What you will do -> In the data below, find every line with the word "Hoodie" and copy it.
START Information given
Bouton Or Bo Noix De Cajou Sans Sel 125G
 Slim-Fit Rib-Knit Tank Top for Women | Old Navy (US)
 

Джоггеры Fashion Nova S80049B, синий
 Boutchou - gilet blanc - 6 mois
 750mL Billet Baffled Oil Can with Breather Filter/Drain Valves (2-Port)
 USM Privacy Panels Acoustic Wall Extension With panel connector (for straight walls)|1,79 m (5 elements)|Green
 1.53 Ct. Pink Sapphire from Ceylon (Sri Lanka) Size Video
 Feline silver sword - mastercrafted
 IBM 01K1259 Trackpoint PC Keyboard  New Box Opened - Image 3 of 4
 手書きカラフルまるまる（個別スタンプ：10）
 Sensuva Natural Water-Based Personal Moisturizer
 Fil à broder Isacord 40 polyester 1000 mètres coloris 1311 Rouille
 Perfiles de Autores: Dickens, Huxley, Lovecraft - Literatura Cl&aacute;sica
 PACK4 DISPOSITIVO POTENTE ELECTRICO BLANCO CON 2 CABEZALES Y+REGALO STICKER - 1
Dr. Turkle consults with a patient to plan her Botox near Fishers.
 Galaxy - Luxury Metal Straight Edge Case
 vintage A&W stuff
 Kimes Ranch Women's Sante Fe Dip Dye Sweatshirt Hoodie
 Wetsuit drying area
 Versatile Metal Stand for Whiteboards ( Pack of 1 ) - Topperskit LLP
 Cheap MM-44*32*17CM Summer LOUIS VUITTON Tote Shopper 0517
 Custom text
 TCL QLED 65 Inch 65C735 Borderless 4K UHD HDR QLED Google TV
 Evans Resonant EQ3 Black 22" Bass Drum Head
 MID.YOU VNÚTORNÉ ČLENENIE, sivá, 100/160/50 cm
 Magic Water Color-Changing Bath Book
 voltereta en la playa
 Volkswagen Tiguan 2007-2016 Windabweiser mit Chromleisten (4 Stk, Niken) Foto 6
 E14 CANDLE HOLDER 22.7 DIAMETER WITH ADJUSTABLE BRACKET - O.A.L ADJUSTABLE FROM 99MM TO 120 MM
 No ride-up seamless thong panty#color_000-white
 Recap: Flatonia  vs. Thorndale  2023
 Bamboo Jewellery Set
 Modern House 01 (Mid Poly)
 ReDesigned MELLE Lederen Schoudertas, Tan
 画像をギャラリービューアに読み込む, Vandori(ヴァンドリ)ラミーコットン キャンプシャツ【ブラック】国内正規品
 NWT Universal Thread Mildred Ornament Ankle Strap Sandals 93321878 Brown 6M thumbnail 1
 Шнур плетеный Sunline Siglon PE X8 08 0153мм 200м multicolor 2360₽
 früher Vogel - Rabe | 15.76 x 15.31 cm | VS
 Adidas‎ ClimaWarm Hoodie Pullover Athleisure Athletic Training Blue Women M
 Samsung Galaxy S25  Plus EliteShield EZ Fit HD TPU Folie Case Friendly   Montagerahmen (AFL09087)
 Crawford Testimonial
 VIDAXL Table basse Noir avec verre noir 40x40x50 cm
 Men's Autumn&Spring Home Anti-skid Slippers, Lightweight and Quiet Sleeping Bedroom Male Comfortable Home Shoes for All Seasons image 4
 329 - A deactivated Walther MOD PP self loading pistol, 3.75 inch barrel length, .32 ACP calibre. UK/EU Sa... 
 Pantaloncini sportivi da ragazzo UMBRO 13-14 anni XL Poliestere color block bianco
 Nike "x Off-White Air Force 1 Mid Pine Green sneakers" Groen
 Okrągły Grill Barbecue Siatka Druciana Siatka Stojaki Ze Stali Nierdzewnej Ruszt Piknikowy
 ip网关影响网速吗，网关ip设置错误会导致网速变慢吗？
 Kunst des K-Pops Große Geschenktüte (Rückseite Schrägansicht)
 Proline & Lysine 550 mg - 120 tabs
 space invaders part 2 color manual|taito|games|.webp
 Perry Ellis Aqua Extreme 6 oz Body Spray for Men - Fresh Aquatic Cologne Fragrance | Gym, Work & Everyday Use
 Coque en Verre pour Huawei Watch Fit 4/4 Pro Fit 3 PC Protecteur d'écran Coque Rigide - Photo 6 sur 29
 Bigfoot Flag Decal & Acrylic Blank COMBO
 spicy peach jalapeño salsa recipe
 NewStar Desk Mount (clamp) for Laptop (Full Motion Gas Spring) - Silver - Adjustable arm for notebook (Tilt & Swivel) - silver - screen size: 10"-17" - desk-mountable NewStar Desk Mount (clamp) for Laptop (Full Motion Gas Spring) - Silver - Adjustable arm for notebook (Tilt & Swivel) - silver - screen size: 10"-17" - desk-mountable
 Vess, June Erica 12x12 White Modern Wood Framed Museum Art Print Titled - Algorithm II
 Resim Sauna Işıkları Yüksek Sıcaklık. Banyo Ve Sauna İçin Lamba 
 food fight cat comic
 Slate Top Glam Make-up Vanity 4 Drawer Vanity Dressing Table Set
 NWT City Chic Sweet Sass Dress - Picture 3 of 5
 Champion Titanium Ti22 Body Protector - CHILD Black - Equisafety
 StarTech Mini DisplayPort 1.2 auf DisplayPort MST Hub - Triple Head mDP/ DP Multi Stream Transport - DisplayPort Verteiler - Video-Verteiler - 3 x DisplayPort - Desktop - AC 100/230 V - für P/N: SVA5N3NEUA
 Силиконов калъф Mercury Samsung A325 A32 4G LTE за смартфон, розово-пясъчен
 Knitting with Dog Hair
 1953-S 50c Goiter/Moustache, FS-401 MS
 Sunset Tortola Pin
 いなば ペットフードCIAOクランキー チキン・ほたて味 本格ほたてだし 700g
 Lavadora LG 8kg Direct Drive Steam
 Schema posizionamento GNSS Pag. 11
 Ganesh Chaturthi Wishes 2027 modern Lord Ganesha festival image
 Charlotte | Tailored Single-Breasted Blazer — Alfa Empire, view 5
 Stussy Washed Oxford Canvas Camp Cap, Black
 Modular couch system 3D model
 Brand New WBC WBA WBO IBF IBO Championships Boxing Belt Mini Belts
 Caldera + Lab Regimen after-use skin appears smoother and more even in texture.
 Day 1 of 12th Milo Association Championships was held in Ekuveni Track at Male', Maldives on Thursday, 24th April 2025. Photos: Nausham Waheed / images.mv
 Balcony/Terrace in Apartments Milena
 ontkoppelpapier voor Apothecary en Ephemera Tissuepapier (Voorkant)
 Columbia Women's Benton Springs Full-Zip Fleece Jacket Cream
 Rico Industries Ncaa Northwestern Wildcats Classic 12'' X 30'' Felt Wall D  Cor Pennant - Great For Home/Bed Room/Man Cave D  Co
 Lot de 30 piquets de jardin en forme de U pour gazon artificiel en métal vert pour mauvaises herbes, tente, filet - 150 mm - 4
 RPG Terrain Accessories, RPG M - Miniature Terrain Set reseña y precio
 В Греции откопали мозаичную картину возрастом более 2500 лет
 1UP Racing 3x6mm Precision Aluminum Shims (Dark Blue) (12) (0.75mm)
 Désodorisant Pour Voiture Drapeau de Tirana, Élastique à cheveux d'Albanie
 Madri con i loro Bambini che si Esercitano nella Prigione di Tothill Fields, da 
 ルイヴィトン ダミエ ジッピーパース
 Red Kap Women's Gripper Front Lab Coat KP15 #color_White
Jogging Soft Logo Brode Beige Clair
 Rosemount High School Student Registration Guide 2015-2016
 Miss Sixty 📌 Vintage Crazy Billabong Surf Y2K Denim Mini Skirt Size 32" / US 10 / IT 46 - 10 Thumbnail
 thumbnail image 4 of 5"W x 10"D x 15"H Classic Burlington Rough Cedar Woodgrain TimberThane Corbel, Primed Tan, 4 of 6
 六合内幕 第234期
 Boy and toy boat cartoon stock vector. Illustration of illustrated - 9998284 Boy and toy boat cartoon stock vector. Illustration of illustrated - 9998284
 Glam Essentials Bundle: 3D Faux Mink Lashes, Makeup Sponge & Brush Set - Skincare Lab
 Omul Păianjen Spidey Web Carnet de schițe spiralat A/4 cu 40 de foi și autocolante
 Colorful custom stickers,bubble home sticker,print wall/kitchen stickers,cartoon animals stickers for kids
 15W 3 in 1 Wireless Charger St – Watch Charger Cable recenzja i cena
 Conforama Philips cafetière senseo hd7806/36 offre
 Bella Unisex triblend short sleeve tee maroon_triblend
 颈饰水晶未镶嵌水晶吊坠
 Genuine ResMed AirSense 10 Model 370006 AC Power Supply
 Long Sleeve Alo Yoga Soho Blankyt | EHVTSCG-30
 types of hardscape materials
END Information given
Exercise response ->
 Kimes Ranch Women's Sante Fe Dip Dye Sweatshirt Hoodie
 Adidas‎ ClimaWarm Hoodie Pullover Athleisure Athletic Training Blue Women M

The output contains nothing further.